**DIRECTIONS**: Once "Casa Tipo Chale" turns up in a line below, reproduce that line and those after it exactly, stopping after the line with "Бијељина: Узимао кокаин"; leave pictures out.

**SOURCE RECORDS**:
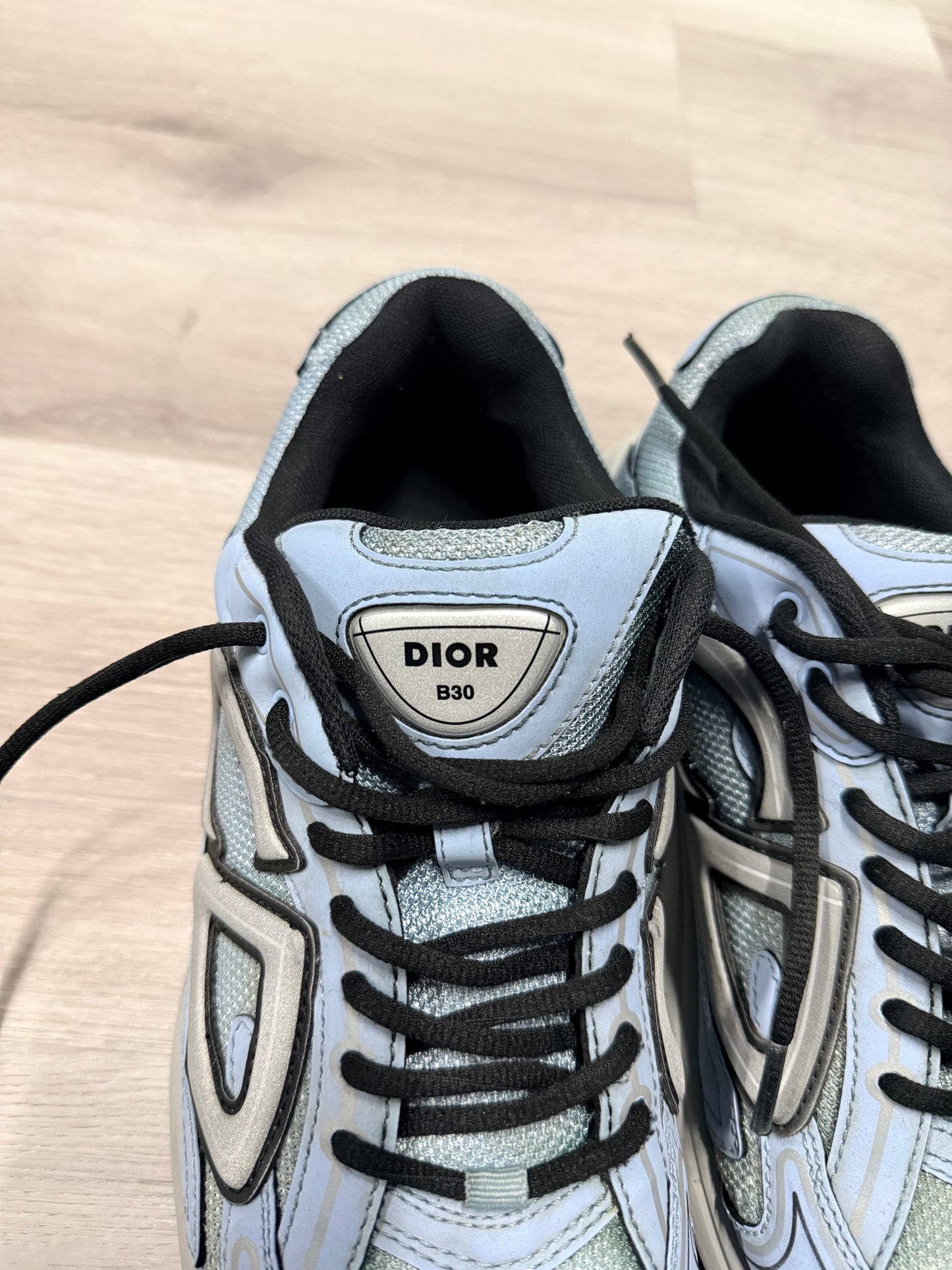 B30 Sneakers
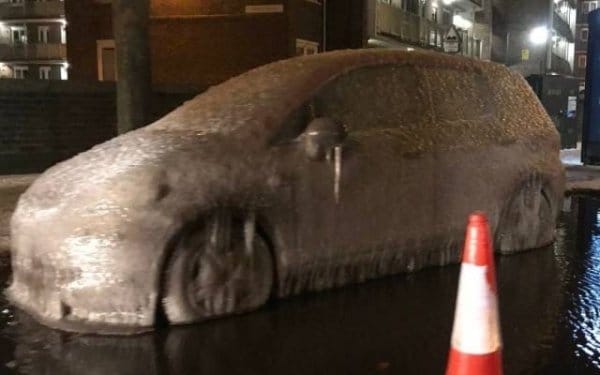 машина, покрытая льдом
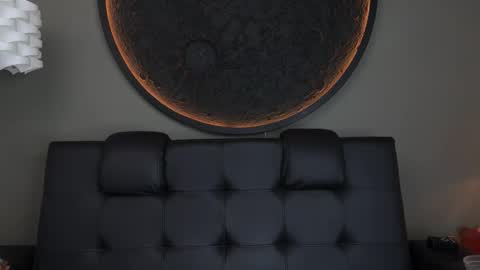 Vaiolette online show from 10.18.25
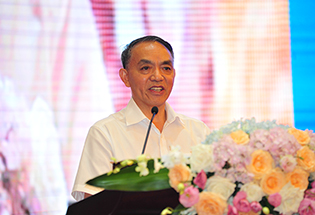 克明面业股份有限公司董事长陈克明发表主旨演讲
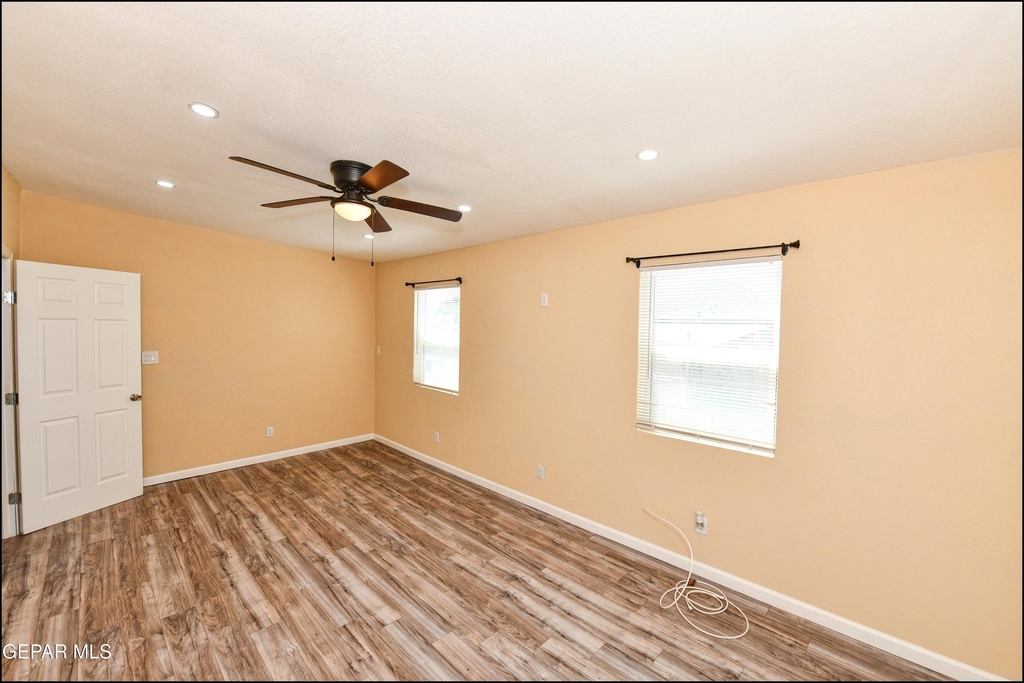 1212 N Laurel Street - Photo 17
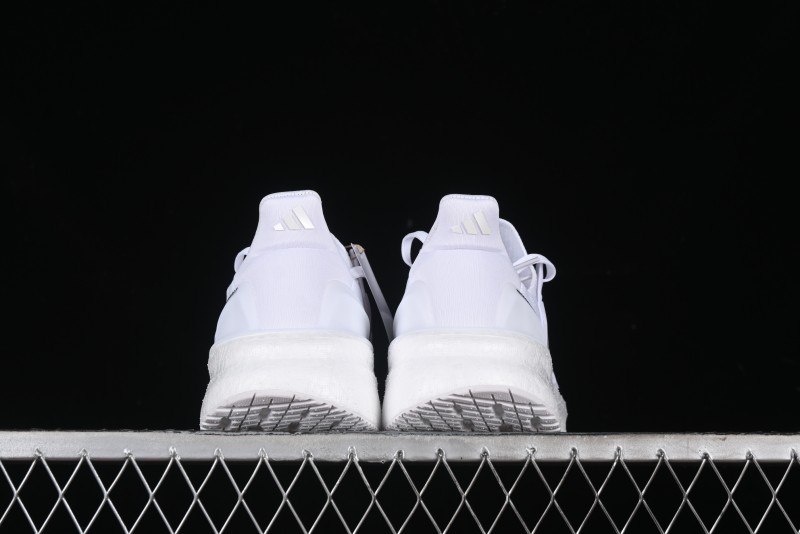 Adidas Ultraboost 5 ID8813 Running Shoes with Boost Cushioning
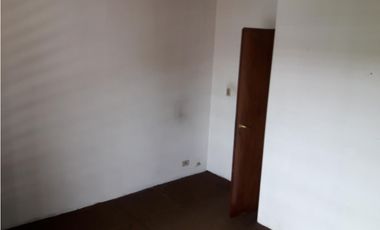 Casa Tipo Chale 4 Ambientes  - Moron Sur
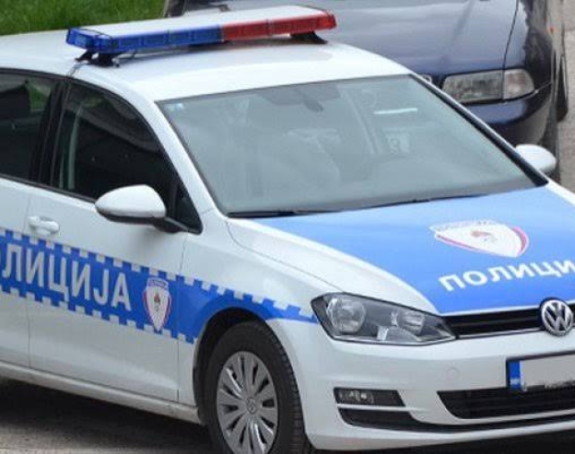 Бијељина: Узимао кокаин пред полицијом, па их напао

---

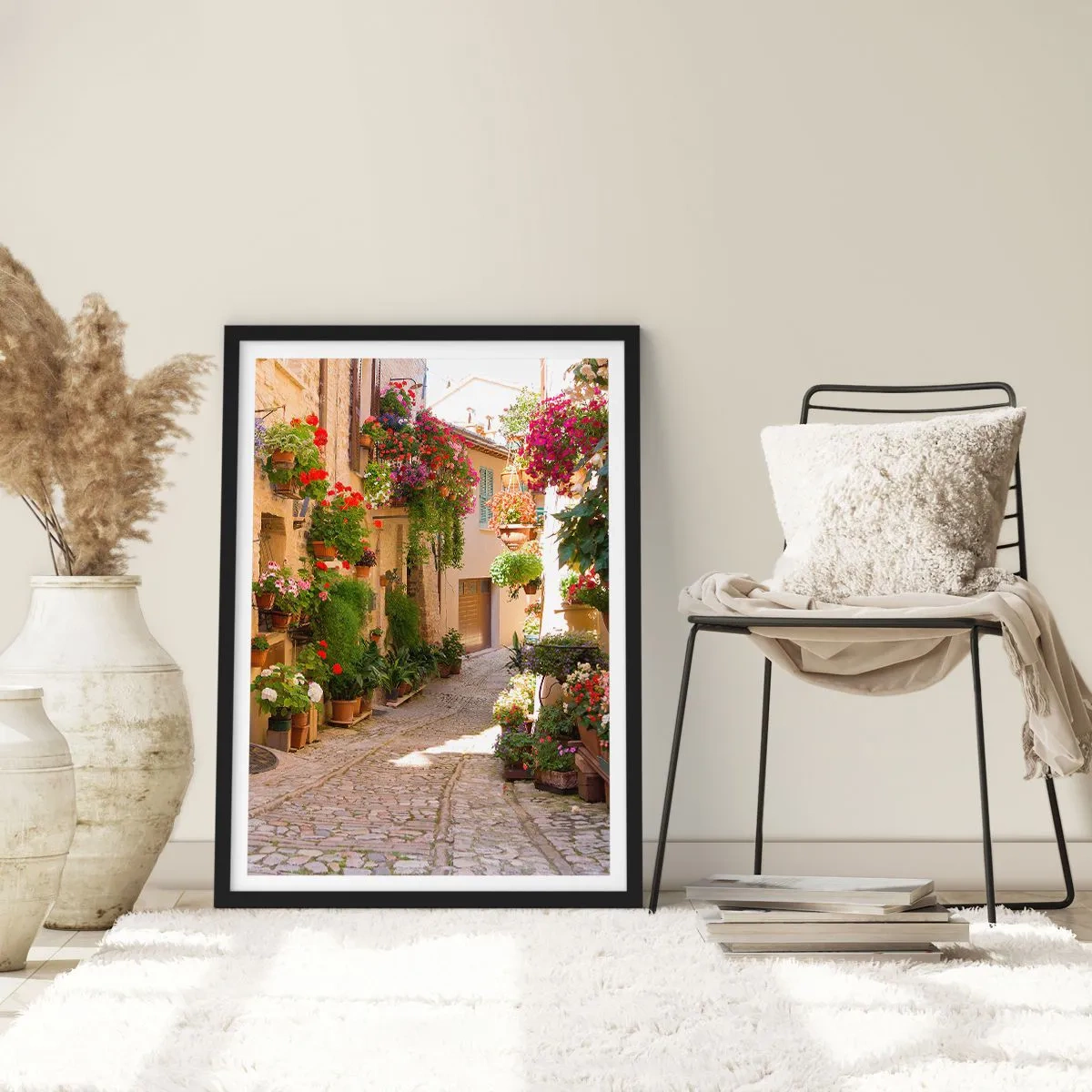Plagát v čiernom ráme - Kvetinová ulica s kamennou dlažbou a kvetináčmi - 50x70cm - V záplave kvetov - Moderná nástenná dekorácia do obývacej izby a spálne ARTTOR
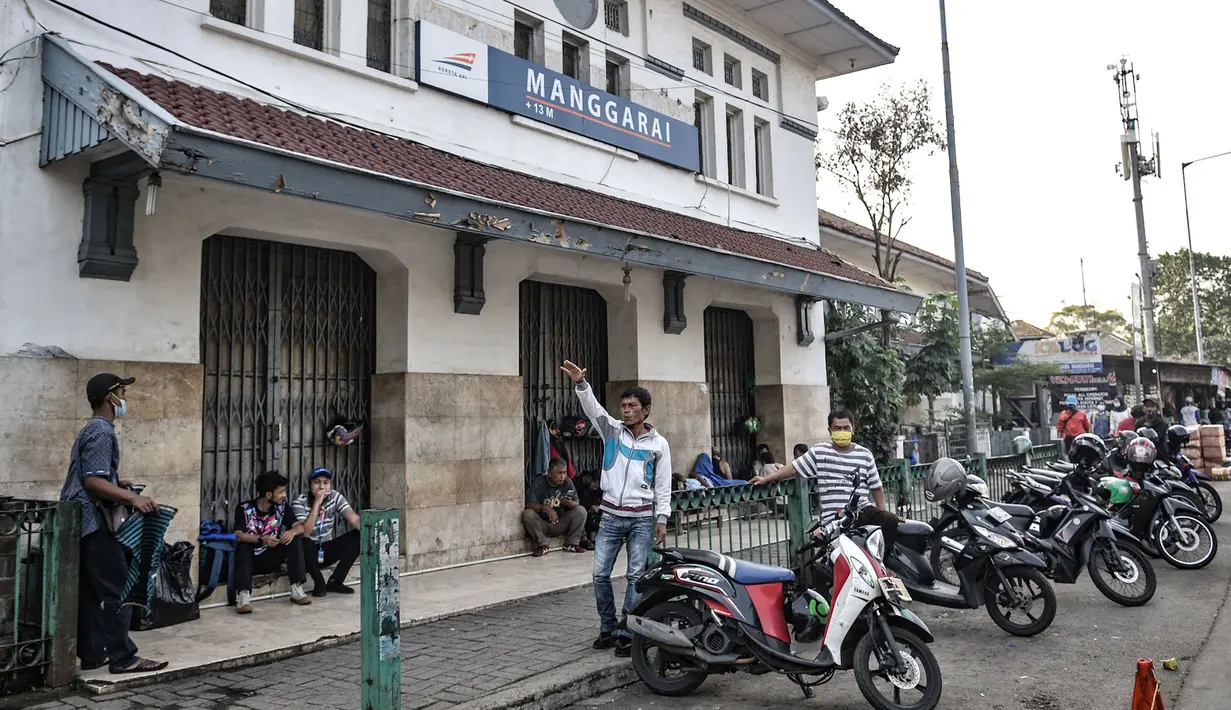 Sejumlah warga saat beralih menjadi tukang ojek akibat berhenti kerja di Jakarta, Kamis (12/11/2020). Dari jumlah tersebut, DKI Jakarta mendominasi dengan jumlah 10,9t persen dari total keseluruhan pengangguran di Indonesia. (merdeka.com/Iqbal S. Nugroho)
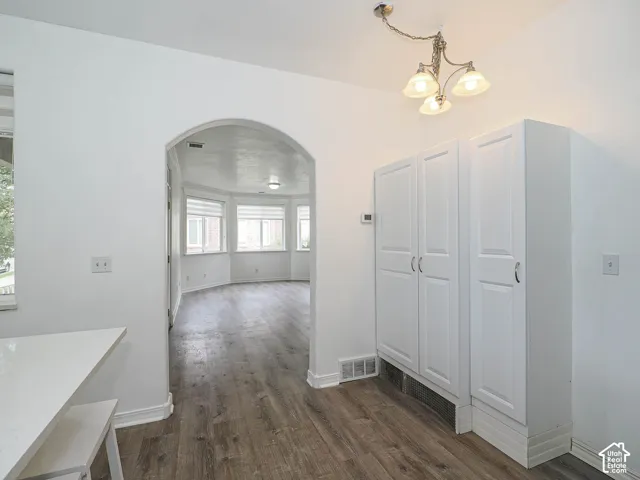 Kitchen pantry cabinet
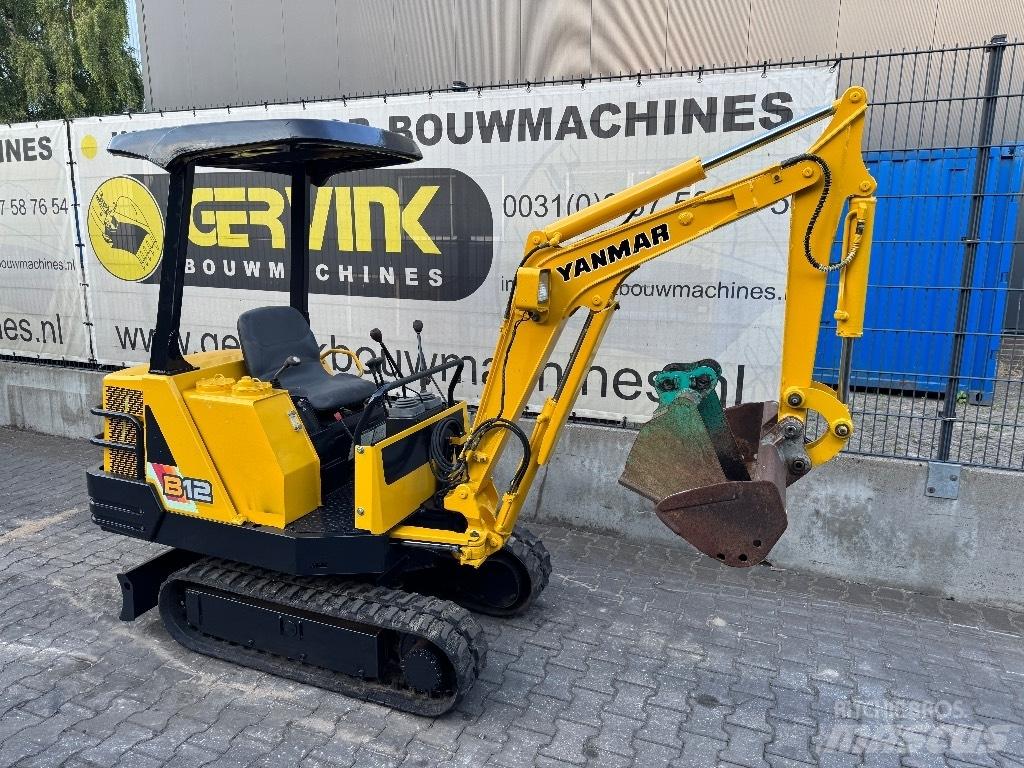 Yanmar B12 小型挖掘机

...

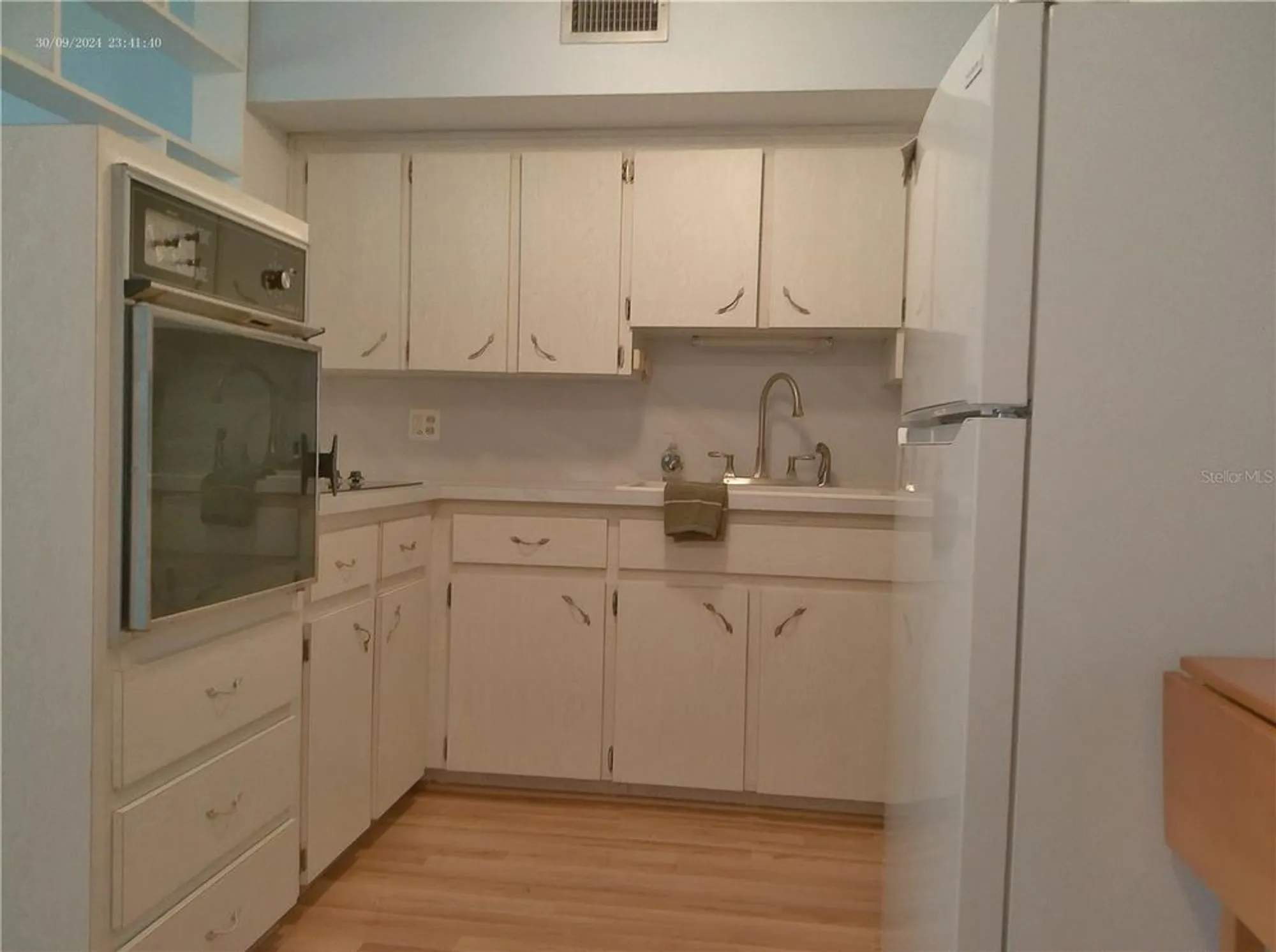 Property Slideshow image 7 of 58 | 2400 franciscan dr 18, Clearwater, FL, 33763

**WRITTEN ANSWER**:
 Casa Tipo Chale 4 Ambientes  - Moron Sur
 Бијељина: Узимао кокаин пред полицијом, па их напао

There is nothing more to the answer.